***** RECORDS SUPPLIED *****

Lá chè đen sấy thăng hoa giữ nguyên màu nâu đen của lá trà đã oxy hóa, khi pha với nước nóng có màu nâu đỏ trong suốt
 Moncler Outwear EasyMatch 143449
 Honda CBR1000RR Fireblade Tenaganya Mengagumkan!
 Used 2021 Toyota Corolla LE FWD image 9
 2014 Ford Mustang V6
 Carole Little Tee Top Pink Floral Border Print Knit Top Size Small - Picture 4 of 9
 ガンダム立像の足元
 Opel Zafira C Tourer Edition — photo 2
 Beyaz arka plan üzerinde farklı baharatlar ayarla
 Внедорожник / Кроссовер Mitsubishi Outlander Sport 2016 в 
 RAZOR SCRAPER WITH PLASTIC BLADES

*****

WHAT IS BEING ASKED: Print exactly, and only, the lines from the line that contains "Carole Little Tee" through the last line of the records.

REPLY TO THE EXERCISE:
 Carole Little Tee Top Pink Floral Border Print Knit Top Size Small - Picture 4 of 9
 ガンダム立像の足元
 Opel Zafira C Tourer Edition — photo 2
 Beyaz arka plan üzerinde farklı baharatlar ayarla
 Внедорожник / Кроссовер Mitsubishi Outlander Sport 2016 в 
 RAZOR SCRAPER WITH PLASTIC BLADES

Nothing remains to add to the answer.